When I got up this morning, I felt lighter and restabilized. I felt reconnected to the love of All-That-Is. I remembered my own well-being, which will add to my ultimate wellness.

I did not find the love in my heart for my father. I choose love because it was me that was suffering. It was me who had the key to the prison I created. Aligning with the love of All-That-Is sets me free.

It will set you free, too.

Together we can do it!

banner4This is it! This is my last blog post here! Please follow my new blog at LoveYourWaySlim.com to keep reading. Thank you for all your support here at Goss Coaching. I so appreciate each of you fabulous readers. Much love and blessings to you!

6 thoughts on “Love Is Good for Your Health

  1. Oh, Hanna, what powerful words these are! I’ve said it before and I’ll say it again, you are such an inspiration to me! And to so many others, of course. Thank you for your honesty and your vulnerability. Your light is shining bright.
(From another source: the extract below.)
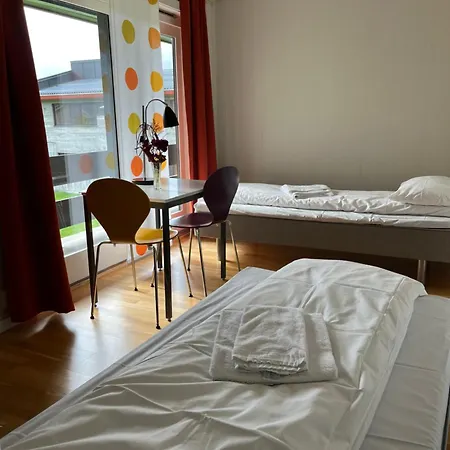 Raulandsakademiet Hostel *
    Lots of love, my friend!

  2. Wow.
    Healing is such a process. I love your mental imagery and hold you in my highest esteem for searching your heart. Something we all need to do more often.
    Our hearts hurt deeply, from incidents long in our past (okay, me). I was just reminded of one yesterday. Letting go nod forgiving is hard. Beyond hard.
    Thanks for sharing your pain. Your forgiveness. Your memories. Your deepest love. Your untouchable depths of emotion, to help is access ours. Mine.
    Something else for me to work on, indeed.
    Bless you on your journey. Please keep sharing.